Task objective —
Repeat exactly the lines from the one containing "3522 Kenbrooke Ct" through the last line of the records below, both included, and nothing else.

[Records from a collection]
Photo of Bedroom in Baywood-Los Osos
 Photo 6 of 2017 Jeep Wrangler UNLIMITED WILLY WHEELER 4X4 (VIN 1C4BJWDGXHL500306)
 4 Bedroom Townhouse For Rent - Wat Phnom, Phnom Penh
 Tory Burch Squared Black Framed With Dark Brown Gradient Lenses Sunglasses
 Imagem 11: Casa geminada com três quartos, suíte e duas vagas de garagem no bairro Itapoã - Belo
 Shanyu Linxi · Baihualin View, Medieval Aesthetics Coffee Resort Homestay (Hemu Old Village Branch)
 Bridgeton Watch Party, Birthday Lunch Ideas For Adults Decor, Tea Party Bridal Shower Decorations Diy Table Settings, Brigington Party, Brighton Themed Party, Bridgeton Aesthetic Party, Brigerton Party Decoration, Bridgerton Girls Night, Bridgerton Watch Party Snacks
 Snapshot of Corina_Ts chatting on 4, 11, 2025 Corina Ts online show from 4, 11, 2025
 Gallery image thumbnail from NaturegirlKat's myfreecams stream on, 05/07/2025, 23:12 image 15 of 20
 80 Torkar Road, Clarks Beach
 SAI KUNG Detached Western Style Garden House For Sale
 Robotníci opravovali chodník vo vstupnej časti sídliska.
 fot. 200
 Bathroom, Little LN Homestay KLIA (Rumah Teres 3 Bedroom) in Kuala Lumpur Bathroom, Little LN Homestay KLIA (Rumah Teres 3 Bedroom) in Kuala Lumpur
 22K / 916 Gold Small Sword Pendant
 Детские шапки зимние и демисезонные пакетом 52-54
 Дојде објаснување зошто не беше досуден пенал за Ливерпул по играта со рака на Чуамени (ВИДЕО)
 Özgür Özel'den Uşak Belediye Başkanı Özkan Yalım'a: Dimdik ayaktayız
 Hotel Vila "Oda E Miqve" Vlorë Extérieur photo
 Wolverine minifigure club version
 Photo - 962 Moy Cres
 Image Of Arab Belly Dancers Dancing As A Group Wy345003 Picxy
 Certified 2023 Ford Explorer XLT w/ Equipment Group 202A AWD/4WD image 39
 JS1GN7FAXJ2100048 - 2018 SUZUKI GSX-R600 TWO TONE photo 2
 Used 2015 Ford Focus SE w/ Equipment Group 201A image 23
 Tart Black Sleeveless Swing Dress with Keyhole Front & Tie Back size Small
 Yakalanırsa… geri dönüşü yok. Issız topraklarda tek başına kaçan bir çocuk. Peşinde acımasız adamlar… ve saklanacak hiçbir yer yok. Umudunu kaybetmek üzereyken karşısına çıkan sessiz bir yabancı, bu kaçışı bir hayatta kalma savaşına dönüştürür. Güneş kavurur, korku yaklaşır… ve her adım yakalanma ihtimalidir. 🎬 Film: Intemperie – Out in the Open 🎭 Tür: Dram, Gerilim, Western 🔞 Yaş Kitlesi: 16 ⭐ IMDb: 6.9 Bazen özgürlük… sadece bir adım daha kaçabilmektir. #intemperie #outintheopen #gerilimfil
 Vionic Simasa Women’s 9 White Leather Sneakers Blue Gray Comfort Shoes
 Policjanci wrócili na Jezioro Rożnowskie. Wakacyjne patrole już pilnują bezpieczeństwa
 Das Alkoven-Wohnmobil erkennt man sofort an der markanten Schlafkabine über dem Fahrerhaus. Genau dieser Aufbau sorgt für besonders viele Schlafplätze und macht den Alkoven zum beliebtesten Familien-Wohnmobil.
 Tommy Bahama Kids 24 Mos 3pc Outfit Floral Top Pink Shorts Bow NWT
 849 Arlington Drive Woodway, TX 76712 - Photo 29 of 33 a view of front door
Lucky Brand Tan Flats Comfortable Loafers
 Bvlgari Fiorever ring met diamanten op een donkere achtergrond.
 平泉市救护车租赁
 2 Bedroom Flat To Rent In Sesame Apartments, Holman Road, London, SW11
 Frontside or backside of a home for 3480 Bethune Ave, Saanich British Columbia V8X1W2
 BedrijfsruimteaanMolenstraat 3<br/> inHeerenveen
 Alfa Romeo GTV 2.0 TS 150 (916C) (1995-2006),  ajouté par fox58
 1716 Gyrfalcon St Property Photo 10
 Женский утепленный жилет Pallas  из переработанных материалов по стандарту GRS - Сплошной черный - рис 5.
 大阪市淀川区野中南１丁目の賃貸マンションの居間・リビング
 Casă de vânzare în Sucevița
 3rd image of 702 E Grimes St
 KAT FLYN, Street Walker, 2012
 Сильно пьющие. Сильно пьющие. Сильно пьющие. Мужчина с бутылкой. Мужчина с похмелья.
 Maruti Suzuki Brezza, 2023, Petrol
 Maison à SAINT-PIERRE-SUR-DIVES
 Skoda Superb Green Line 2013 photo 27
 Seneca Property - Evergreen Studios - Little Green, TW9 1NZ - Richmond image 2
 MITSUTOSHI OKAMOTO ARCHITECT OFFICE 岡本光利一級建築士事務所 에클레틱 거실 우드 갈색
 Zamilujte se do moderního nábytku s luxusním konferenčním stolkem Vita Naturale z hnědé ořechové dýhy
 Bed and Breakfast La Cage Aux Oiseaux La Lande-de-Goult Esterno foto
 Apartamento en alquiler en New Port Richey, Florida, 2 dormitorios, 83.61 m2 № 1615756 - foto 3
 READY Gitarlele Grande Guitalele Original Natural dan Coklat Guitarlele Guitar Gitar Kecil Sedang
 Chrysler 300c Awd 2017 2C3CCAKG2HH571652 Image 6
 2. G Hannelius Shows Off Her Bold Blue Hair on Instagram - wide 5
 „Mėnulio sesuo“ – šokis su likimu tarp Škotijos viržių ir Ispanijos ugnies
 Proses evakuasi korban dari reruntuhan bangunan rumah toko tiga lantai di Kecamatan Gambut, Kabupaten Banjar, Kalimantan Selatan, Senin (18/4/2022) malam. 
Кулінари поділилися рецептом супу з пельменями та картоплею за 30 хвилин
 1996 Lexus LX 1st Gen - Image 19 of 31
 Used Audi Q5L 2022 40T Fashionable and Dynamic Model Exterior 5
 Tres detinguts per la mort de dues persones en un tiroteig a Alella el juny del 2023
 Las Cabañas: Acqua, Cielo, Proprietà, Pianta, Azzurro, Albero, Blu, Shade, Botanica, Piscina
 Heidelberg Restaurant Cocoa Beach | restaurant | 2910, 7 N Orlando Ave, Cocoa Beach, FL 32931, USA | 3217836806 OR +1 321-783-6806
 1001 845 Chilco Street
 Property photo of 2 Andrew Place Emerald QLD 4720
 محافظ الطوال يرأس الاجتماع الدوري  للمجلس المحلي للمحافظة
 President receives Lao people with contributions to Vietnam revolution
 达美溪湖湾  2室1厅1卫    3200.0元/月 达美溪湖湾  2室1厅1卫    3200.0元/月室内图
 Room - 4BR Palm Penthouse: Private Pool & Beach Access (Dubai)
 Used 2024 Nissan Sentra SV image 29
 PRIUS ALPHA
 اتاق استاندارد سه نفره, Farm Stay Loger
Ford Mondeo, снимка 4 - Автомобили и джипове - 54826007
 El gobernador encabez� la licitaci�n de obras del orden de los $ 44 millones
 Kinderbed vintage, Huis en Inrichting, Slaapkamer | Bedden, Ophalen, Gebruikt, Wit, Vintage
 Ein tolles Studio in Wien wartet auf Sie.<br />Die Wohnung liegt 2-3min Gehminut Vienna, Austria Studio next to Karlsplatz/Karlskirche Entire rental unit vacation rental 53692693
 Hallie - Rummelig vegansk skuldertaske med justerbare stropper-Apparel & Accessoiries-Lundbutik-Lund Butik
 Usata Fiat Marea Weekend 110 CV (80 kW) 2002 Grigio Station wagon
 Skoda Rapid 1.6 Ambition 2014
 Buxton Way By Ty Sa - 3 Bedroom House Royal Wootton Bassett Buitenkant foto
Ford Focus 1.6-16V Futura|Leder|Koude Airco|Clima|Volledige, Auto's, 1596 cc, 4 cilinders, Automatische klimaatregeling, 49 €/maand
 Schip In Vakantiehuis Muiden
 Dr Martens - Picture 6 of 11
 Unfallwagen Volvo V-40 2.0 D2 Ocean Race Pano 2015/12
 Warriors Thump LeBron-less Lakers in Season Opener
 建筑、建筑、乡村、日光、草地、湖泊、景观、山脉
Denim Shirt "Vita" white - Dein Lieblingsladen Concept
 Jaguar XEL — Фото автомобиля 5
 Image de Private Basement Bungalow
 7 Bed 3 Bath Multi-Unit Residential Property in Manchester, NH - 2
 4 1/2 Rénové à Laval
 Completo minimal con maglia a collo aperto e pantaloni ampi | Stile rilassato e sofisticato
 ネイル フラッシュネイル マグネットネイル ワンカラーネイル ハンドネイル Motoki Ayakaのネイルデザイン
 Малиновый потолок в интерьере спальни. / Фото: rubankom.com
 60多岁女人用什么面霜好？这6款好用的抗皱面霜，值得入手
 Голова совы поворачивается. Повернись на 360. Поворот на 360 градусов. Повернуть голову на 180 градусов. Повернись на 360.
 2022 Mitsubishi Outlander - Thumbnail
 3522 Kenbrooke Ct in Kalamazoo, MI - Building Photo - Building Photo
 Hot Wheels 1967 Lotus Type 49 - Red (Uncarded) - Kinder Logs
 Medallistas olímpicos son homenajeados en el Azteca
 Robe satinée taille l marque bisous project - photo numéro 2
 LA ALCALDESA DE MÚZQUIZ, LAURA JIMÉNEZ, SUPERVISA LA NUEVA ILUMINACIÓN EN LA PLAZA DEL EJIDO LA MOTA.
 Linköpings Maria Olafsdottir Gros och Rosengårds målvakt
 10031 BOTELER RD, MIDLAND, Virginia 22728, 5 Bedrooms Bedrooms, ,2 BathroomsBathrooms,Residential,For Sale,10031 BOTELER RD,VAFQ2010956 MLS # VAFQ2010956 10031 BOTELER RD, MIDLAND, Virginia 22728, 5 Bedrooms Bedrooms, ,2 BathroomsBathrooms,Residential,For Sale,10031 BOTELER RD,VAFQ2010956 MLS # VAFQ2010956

Response for this exercise —
 3522 Kenbrooke Ct in Kalamazoo, MI - Building Photo - Building Photo
 Hot Wheels 1967 Lotus Type 49 - Red (Uncarded) - Kinder Logs
 Medallistas olímpicos son homenajeados en el Azteca
 Robe satinée taille l marque bisous project - photo numéro 2
 LA ALCALDESA DE MÚZQUIZ, LAURA JIMÉNEZ, SUPERVISA LA NUEVA ILUMINACIÓN EN LA PLAZA DEL EJIDO LA MOTA.
 Linköpings Maria Olafsdottir Gros och Rosengårds målvakt
 10031 BOTELER RD, MIDLAND, Virginia 22728, 5 Bedrooms Bedrooms, ,2 BathroomsBathrooms,Residential,For Sale,10031 BOTELER RD,VAFQ2010956 MLS # VAFQ2010956 10031 BOTELER RD, MIDLAND, Virginia 22728, 5 Bedrooms Bedrooms, ,2 BathroomsBathrooms,Residential,For Sale,10031 BOTELER RD,VAFQ2010956 MLS # VAFQ2010956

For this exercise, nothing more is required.